--- TASK ITEM ---
In the records below, find the line that contains "infraconstitucional.", then write out that line and each one after it exactly, up to and including the last.

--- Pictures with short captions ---
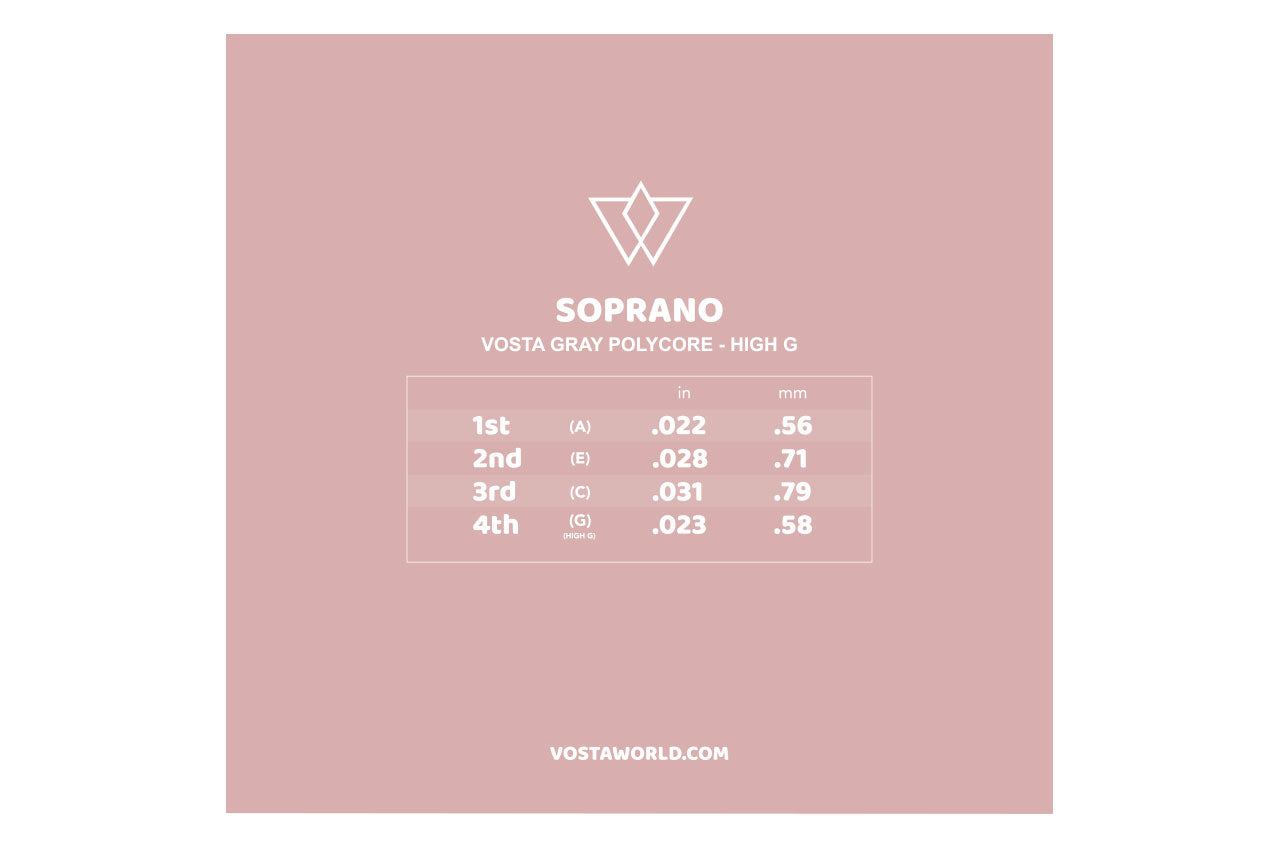 Vosta Grey Polycore Soprano Ukulele Strings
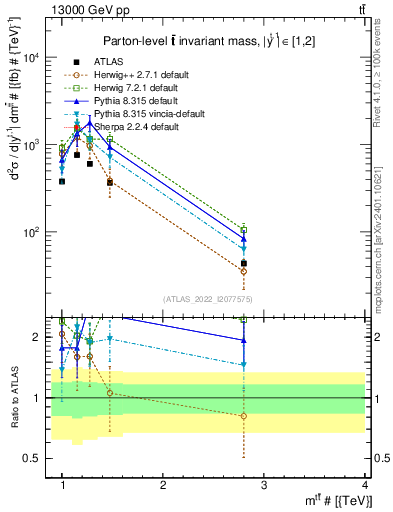 Plot of ttbar.m in 13000 GeV pp collisions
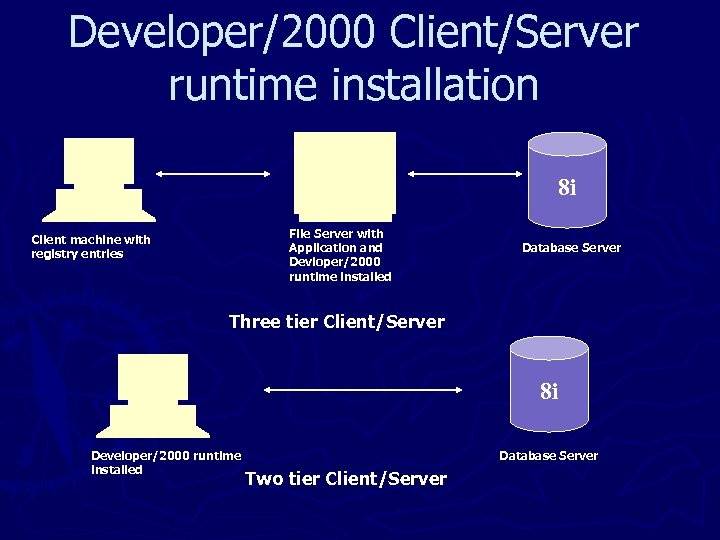 Developer/2000 Client/Server runtime installation 8 i File Server with Application and Devloper/2000 runtime installed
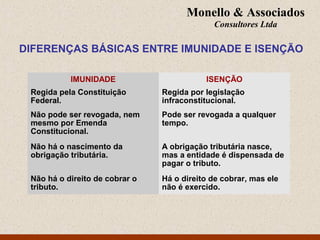 Monello & Associados
Consultores Ltda

DIFERENÇAS BÁSICAS ENTRE IMUNIDADE E ISENÇÃO
IMUNIDADE

ISENÇÃO

Regida pela Constituição
Federal.

Regida por legislação
infraconstitucional.

Não pode ser revogada, nem
mesmo por Emenda
Constitucional.

Pode ser revogada a qualquer
tempo.

Não há o nascimento da
obrigação tributária.

A obrigação tributária nasce,
mas a entidade é dispensada de
pagar o tributo.

Não há o direito de cobrar o
tributo.

Há o direito de cobrar, mas ele
não é exercido.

--- REPLY TO THE EXERCISE ---
infraconstitucional.

Não pode ser revogada, nem
mesmo por Emenda
Constitucional.

Pode ser revogada a qualquer
tempo.

Não há o nascimento da
obrigação tributária.

A obrigação tributária nasce,
mas a entidade é dispensada de
pagar o tributo.

Não há o direito de cobrar o
tributo.

Há o direito de cobrar, mas ele
não é exercido.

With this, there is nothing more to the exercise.